Come ogni esecuzione capitale, l'impiccagione di Saddam Hussein è un atto barbaro e preistorico, da condannare senza esitazione. In questo caso, poi, si aggiungono l'ipocrisia e la cieca arroganza che contraddistinguono spesso l'operato degli Stati Uniti e dei loro governi-fantoccio: si dimentica che Saddam è stato per anni un fedele alleato degli USA e proprio in quel periodo ha commesso molti dei crimini di cui viene accusato. Le vittime della sua politica brutale, inoltre, non sono tanto diverse per numero e orrore da quelle causate dalle mostruose scelte degli Stati Uniti.

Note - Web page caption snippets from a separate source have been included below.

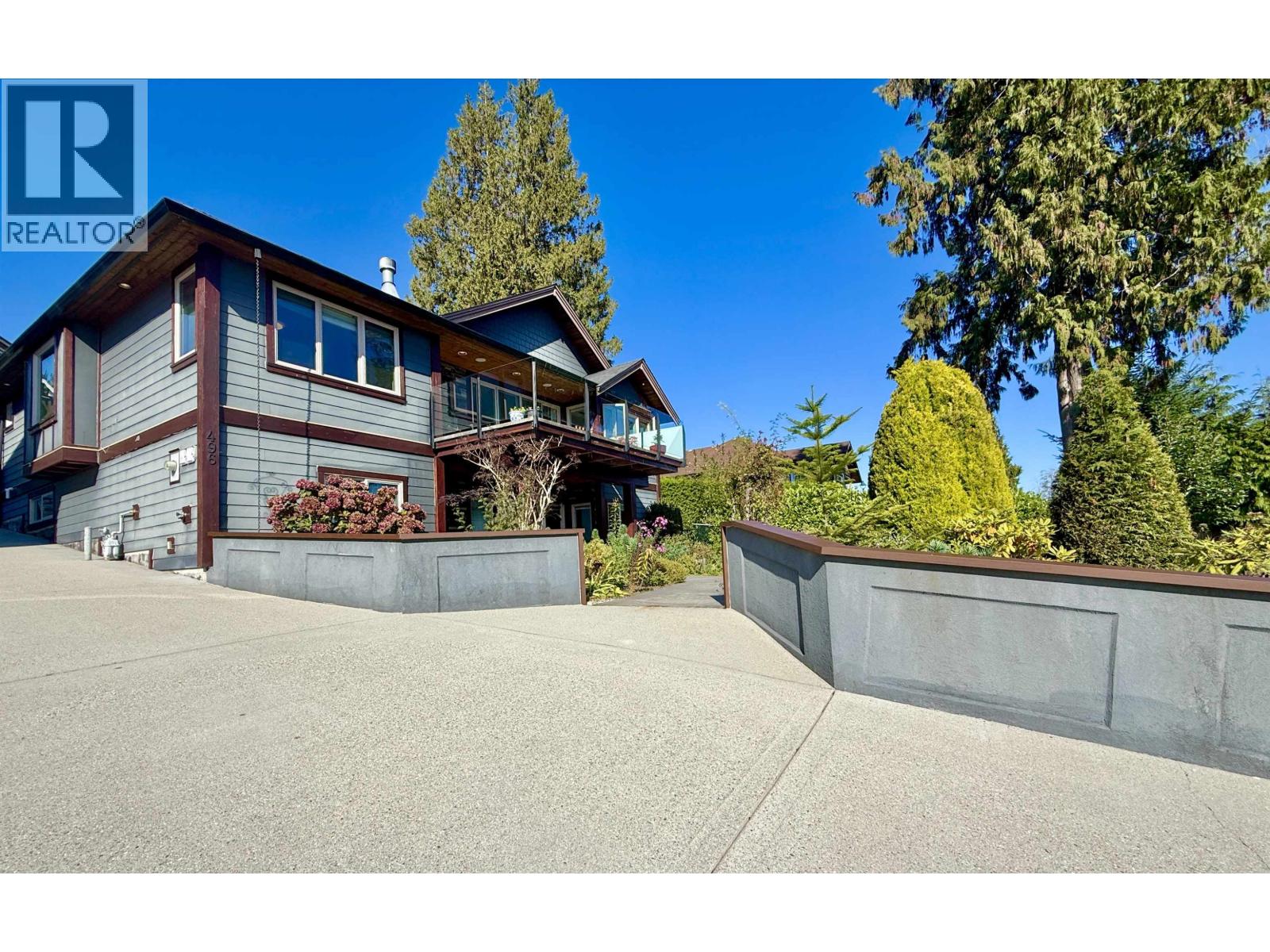 496 SPYGLASS PLACE, Gibsons - Image 1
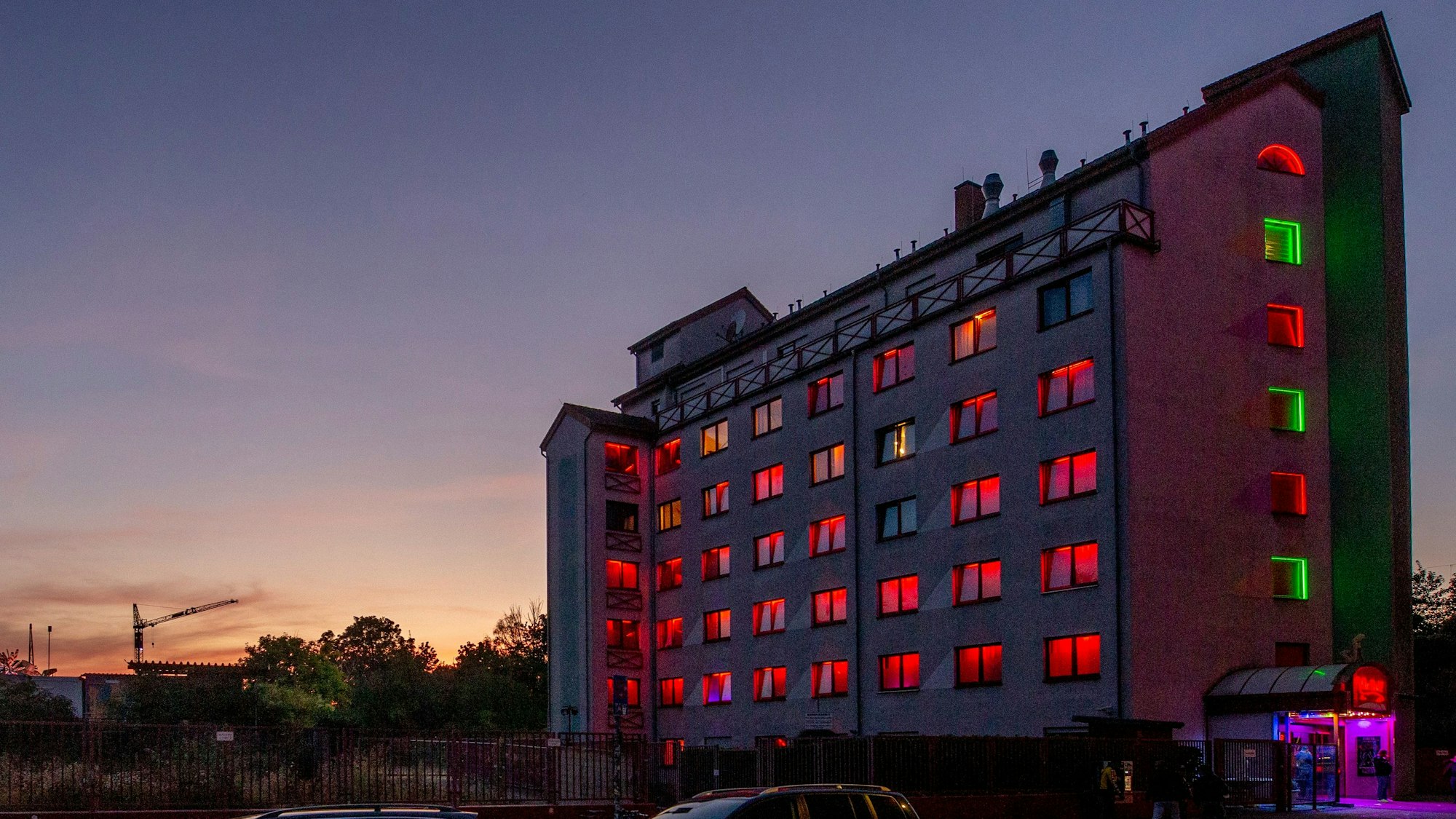 Blick auf „Das Bordell “an der Hornstraße in Köln mit beleuchteten Fenstern.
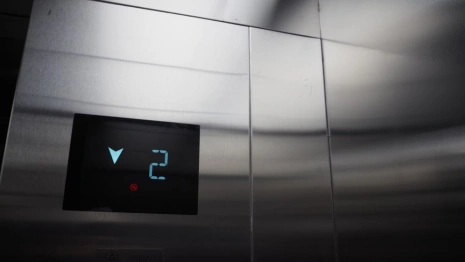 Власти рассказали о проблеме с заменой лифтов во Владимире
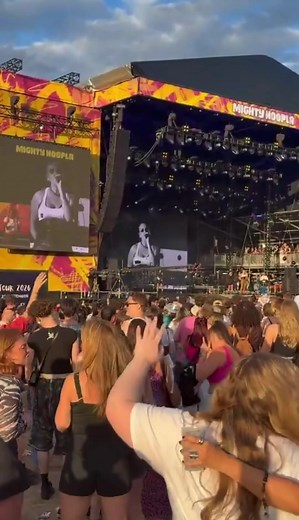 Perrie Edwards sings “Secret Love Song” at Mighty Hoopla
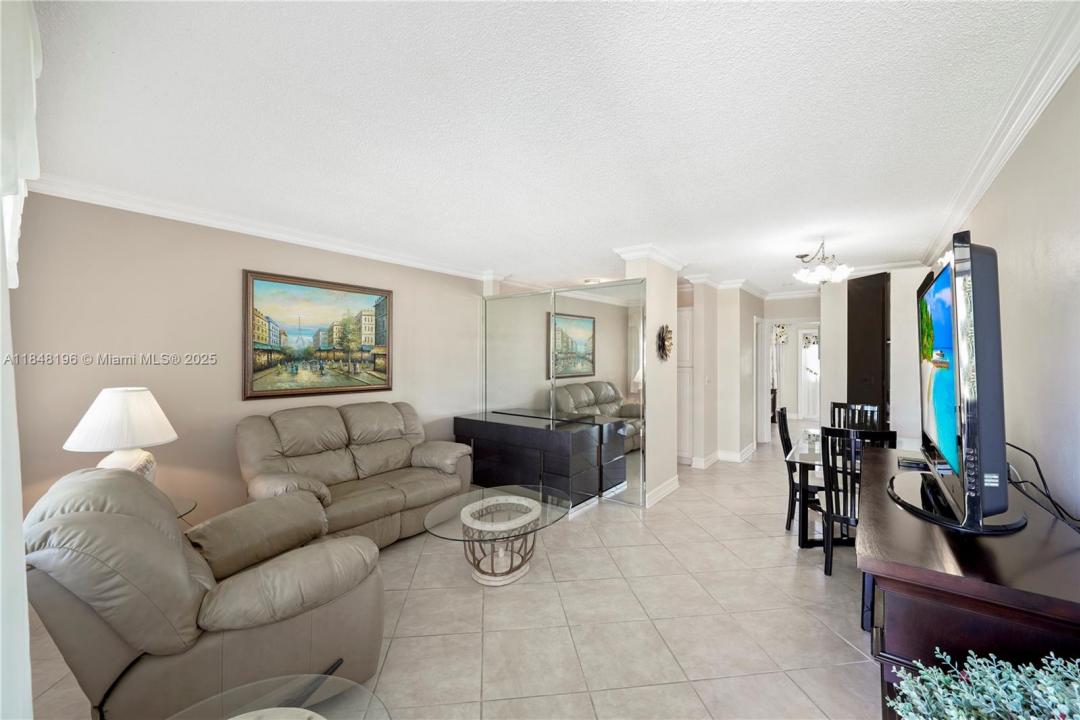 900 Atlantic Shores Blvd 215, Hallandale Beach, فلوريدا 33009, الولايات المتحدة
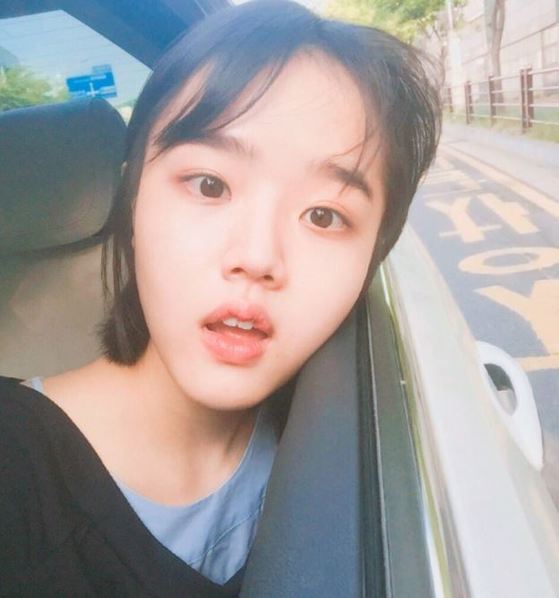 47. 우희진 아까 제가 헬레나 본햄 카터 적은 것 같은데 우희진씨 좀 헬레나 느낌 아닌가요... 옛날 얼굴이 하나도 안 변하고 그대로라는 것도 너무...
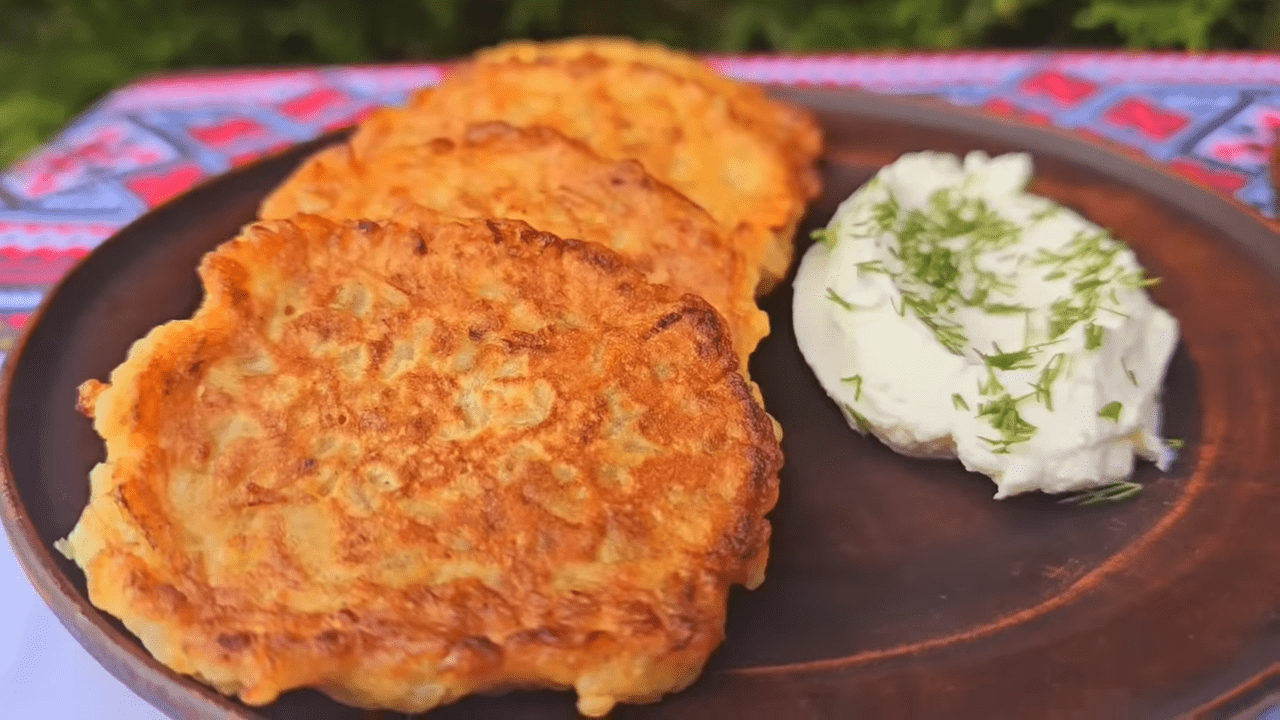 Кухар поділився рецептом цибульників до борщу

Se si dovesse seguire questa logica aberrante da "occhio per occhio", Bush, Rumsfield e compagnia dovrebbero subire lo stesso trattamento, giacché i loro crimini non sono certo inferiori a quelli di Saddam.

L'impiccagione eseguita proprio nel giorno della festa del sacrificio, una ricorrenza sacra per i musulmani, inoltre, ha un sapore provocatorio che denota la solita, arrogante cecità rispetto alle conseguenze dei propri atti. È facile prevedere un aumento della tensione e della violenza in un paese già martoriato da attentati quotidiani, come confermato dalle prime notizie arrivate dall'Iraq.

L'Iraq non ha bisogno di esibire come un trofeo il cadavere del suo ultimo dittatore, ma del ritiro delle truppe d'invasione e di un serio impegno internazionale per riportarvi giustizia e riconciliazione.